Les positions d'Enver Petrovci sont conformes à la logique d'un esclave

Le shérif Billal de NISMA a réagi à la langue dérogatoire de l'acteur Enver Petrovci pour les anciens dirigeants d'anciens commandants de l'UCK, tout en louant le Premier ministre sortant Albin Kurtin, écrit Periscope. À travers un message dans son compte Facebook, il a dit qu'ils sont “en pleine conformité avec [la...] logique.
Shérif Billal de NISMA Le langage dérogatoire de l'acteur Enver Petrovci a réagi aux anciens dirigeants des anciens commandants de l'UCKTout en félicitant l'actuel Premier ministre Albin Kurti, écrit Periscopi.
A travers un message dans son compte Facebook, il a dit qu'ils sont “en pleine conformité avec la logique de l'homme esclave”
D'autre part, le shérif a même attaché une synthèse à cela.
Son poste complet:
La logique de l'esclave !
Les positions publiques d'Enver Petrovci sont pleinement conformes à la logique de l'esclave, au Kosovo ou ailleurs.
Au lieu de lui réagir, je vous invite à lire une brève synthèse de cette logique succincte dans le discours de Malcolm X, l'une des personnalités les plus éminentes du mouvement pour éliminer l'immoralité religieuse et la discrimination aux États-Unis.
Deux types d'esclaves - l'esclave de la maison et l'esclave des champs! (Malcolm X)
Si vous avez peur du nationalisme noir, vous avez peur de la révolution. Et si vous aimez la révolution, vous aimez le nationalisme noir. Pour comprendre cela, vous devez revenir à ce que le jeune frère ici appelé nègre de maison et nègre de champ pendant l'esclavage.

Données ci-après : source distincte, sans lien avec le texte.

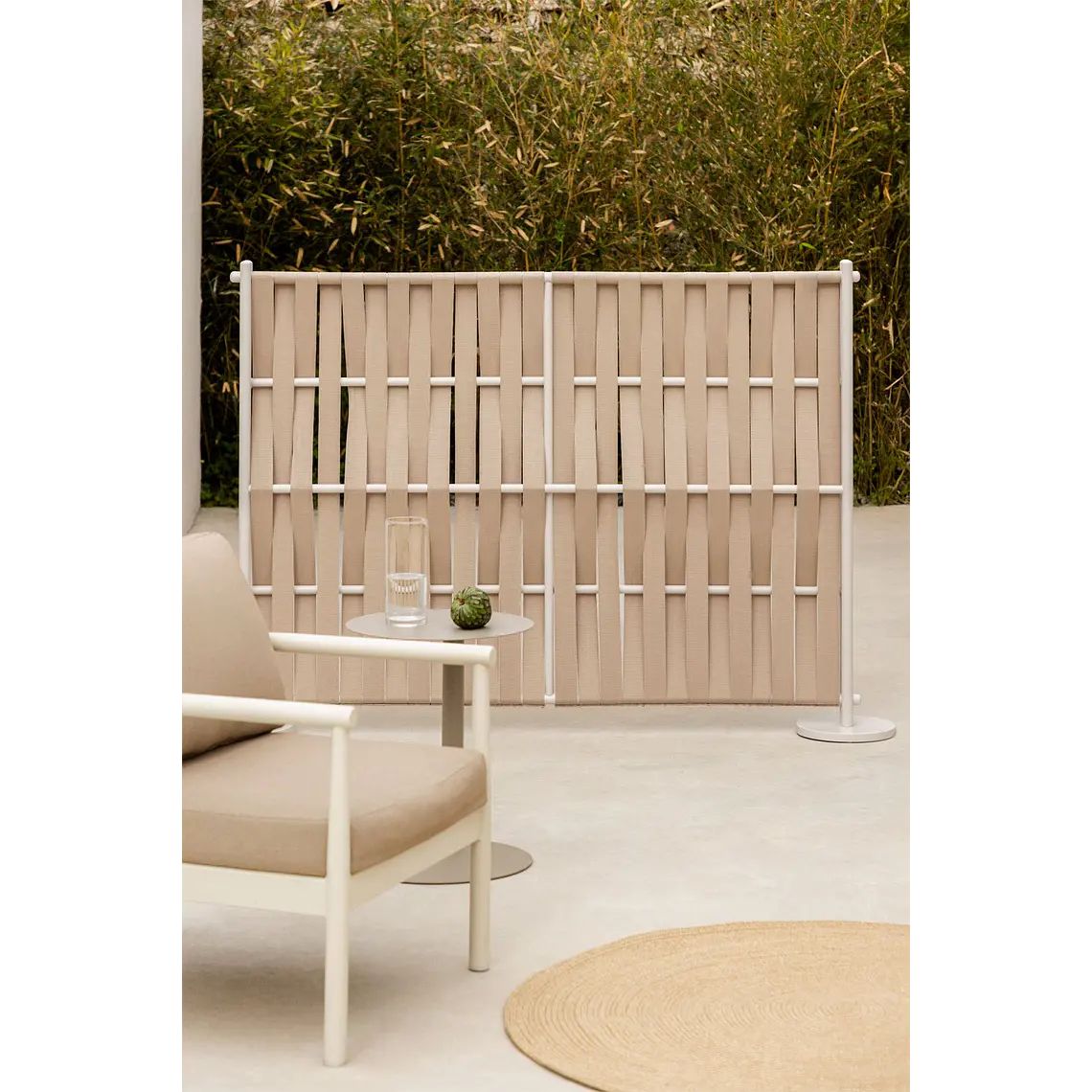 Biombo para jardín en aluminio y cuerda Savena 13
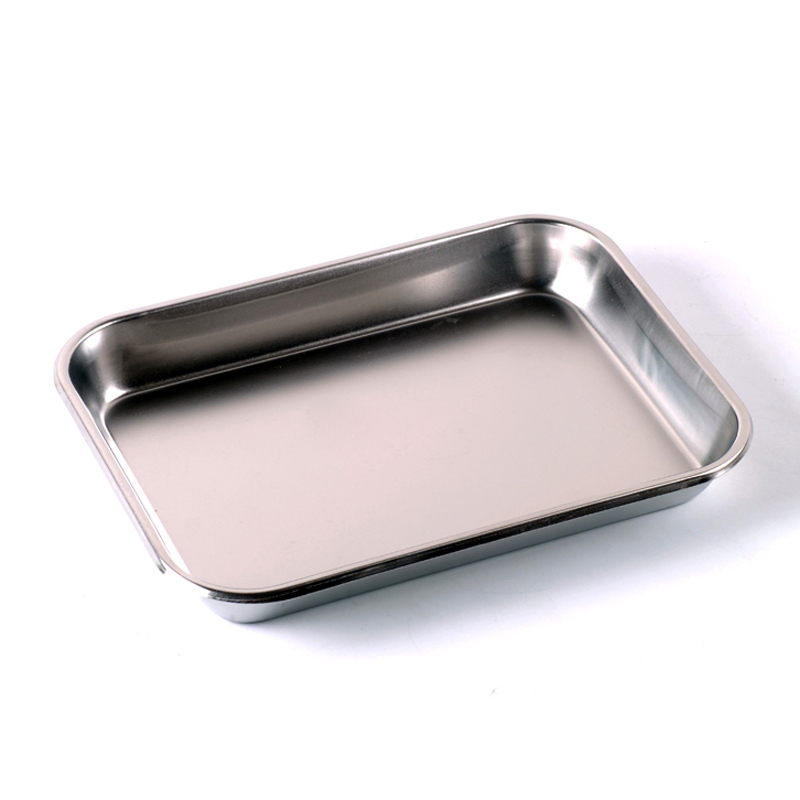 采药师 医用加厚无盖方盘 治疗盘长方形不锈钢托盘 大号无盖消毒盘 36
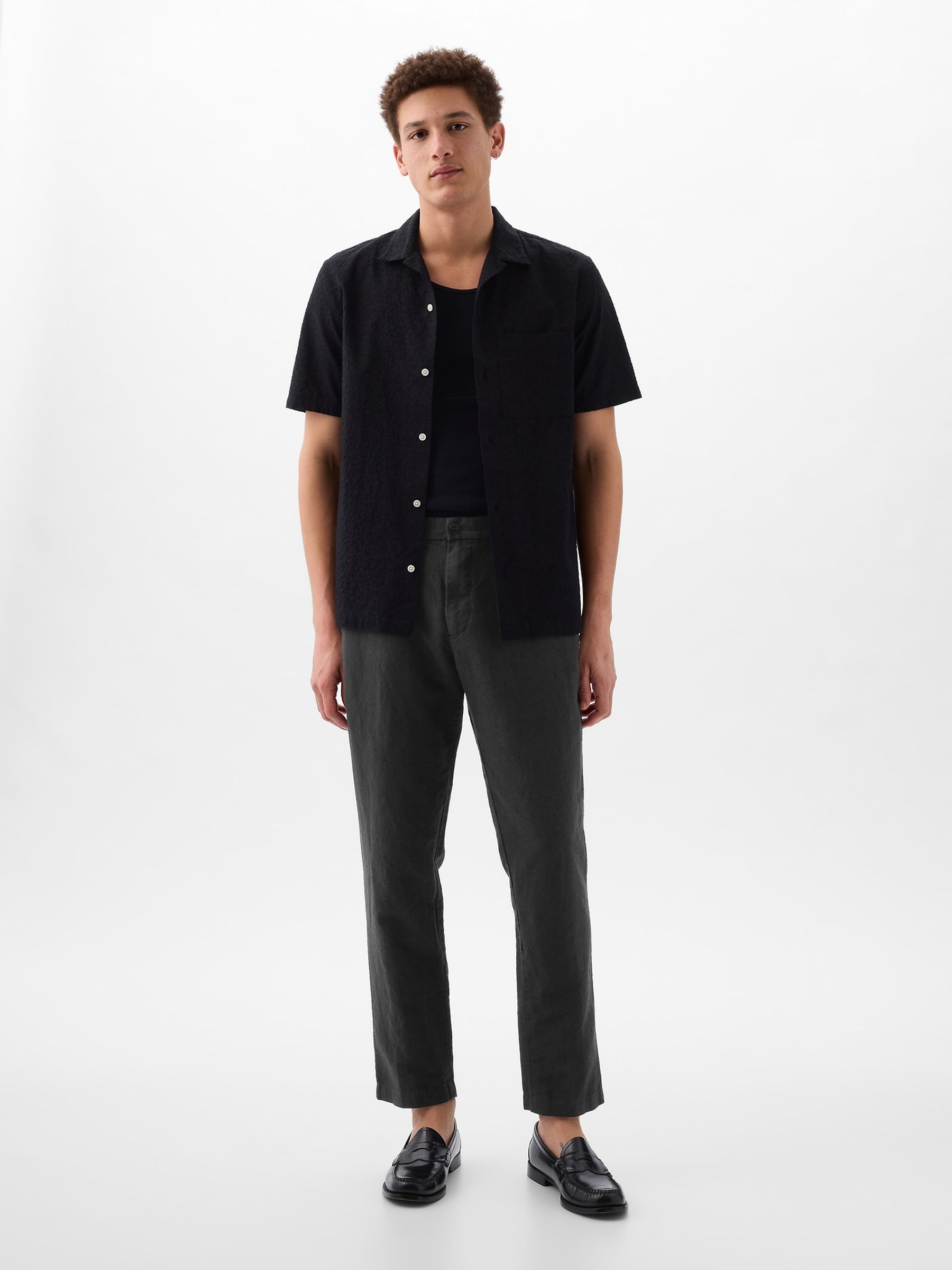 Black Linen Blend Slim Fit Trousers - Image 4 of 5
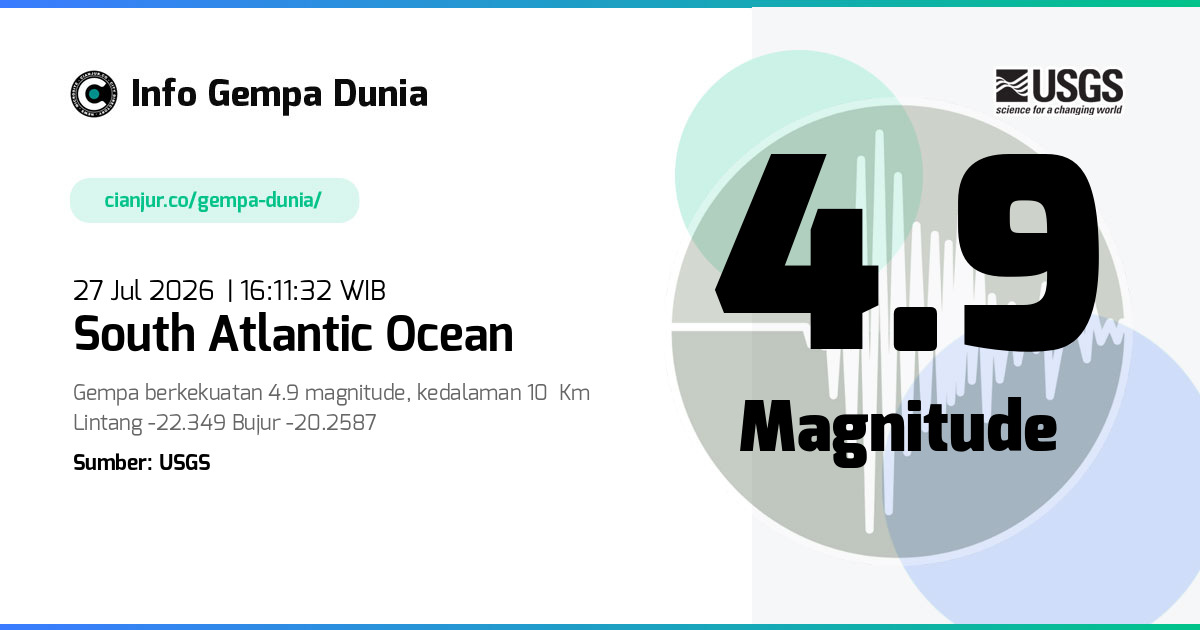 Gempa South Atlantic Ocean 4.9 M 27 Jul 2026 - 09:11:32 WIB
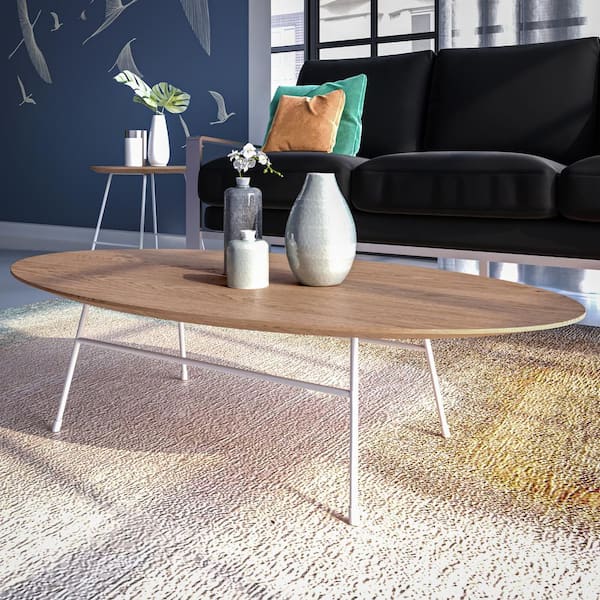 Rossmore 46.3 in. Natural Wood Oval Wood Coffee Table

Il y avait deux sortes d'esclaves, des nègres et des nègres de champ. Les nègres vivaient chez eux avec le monsieur, bien habillés, mangeaient de la bonne nourriture parce qu'ils mangeaient ce qu'il avait laissé. Ils habitaient dans le grenier ou dans la cave, mais ils vivaient près du maître, et ils aimaient le maître plutôt que le maître. Ils donneraient leur vie pour sauver la maison du maître plus tôt que le maître. Si le monsieur disait : <x0... Chaque fois que la possession disait “ne”, il disait “ne”. Tu peux trouver un nègre dans la maison.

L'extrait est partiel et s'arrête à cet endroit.